3136: Vulnerabilities and Adaptation to Climate Change in the Far North & Pacific Rim

Thursday, 4/19/07, from 8:00 AM - 9:40 AM

Description:

The biophysical impacts of climate change manifest most acutely in northern latitudes. These Arctic and sub-arctic regions are home to indigenous people who, in their mixed-subsistence livelihoods, are directly impacted by exogenous climate related changes including changes in seasonality, coastal erosion, increasing wildfire activity, and thawing permafrost. These communities also experience both internally and externally generated social, institutional and economic change including impacts of colonization, pollution, settlement and migration, economic restructuring, technological advance, and increasing resource development.
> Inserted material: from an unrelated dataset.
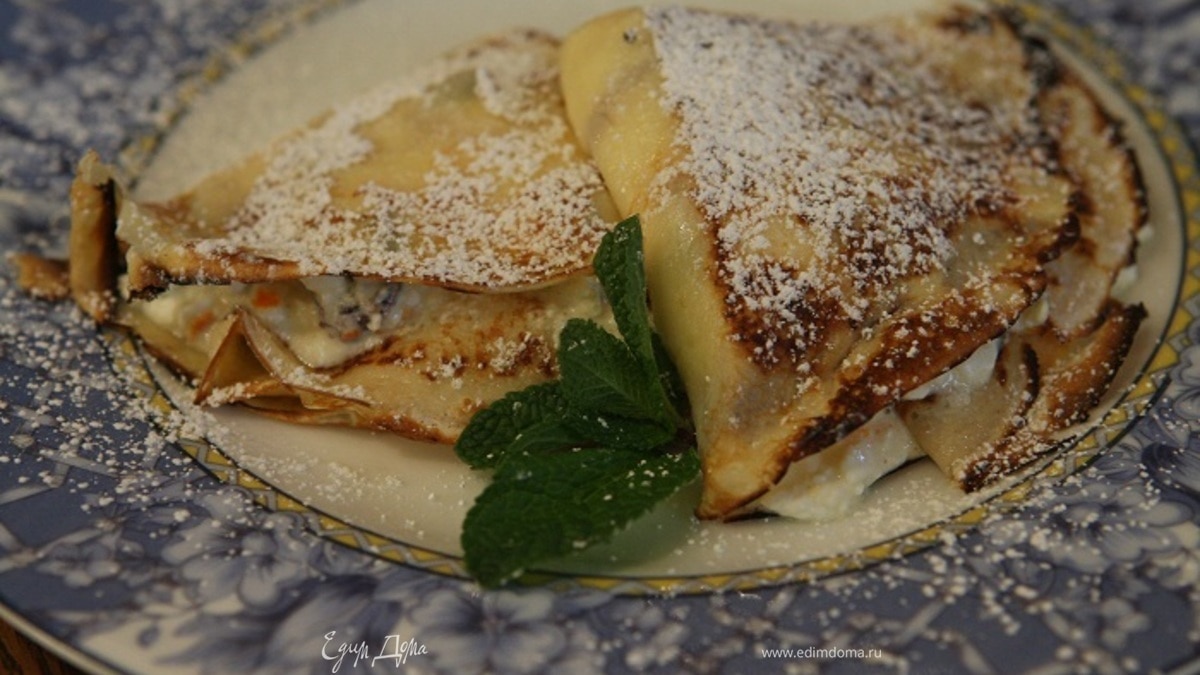 Блинчики с творогом, изюмом и апельсиновой цедрой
People living in predominantly non-native, urban centers must also adapt to the biophysical impacts of climate change, population growth and pressures for resource development. In keeping with the International Polar Year 2007-2008, these panel sessions focus on vulnerabilities and adaptation strategies in the far North. Of particular concern are the feedbacks between climate related biophysical change and institutional, economic, and social change in Northern regions.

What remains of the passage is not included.